What is conspicuously absent from the Proposed Rule is any discussion about the level of evidence required to demonstrate safety or effectiveness for clinical superiority. FDA’s flexibility in reviewing clinical superiority has been a recent topic of discussion in the industry. On October 11, 2011, the National Organization for Rare Disorders (“NORD”) released a landmark study calling for FDA to acknowledge the flexibility in FDA’s review of potential treatments for patients with rare diseases.5 The NORD study is the first study of its kind ever conducted and the first time that there has been a systematic examination of the basis for approval for any category of drug products extending over such a long period of time. NORD states that the study demonstrates a decades-long pattern of flexibility in FDA review of orphan drugs.

E. Drug Names  

Requests for orphan designation must include the generic and trade name, if any, of the drug. For some products, however, neither a generic nor trade name may be available. FDA would revise § 316.20(b)(2) so that, if neither such name is available, requests for designation would be required to include a chemical name or a meaningful descriptive name (i.e., one that would be meaningful to the public if published).

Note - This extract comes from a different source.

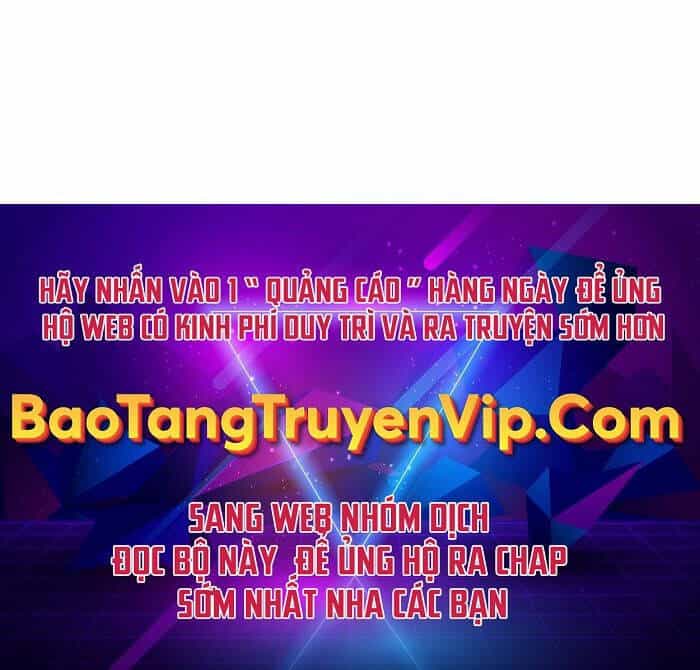 Stream Của Cung Thủ Thiên Tài - Chương 41 - ảnh 112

F. Required Drug Description and Scientific Rationale in Orphan-Drug Requests  

FDA states in the Proposed Rule that many sponsors omit important information in a request for orphan drug designation, such as the identity of the active moiety or principal molecular structural features. Without such information, FDA states that it cannot determine whether the drug is the same as one already approved and so cannot render a decision on the request. The FDA also notes that some sponsors include only theories in their designation requests, unsupported by data, as to why the drug may be used in a particular disease or condition, which does not constitute an adequate scientific rationale for the use of the drug for the rare disease or condition. Other sponsors, by contrast, include all available data about a drug, rather than just the data pertinent to FDA’s review.  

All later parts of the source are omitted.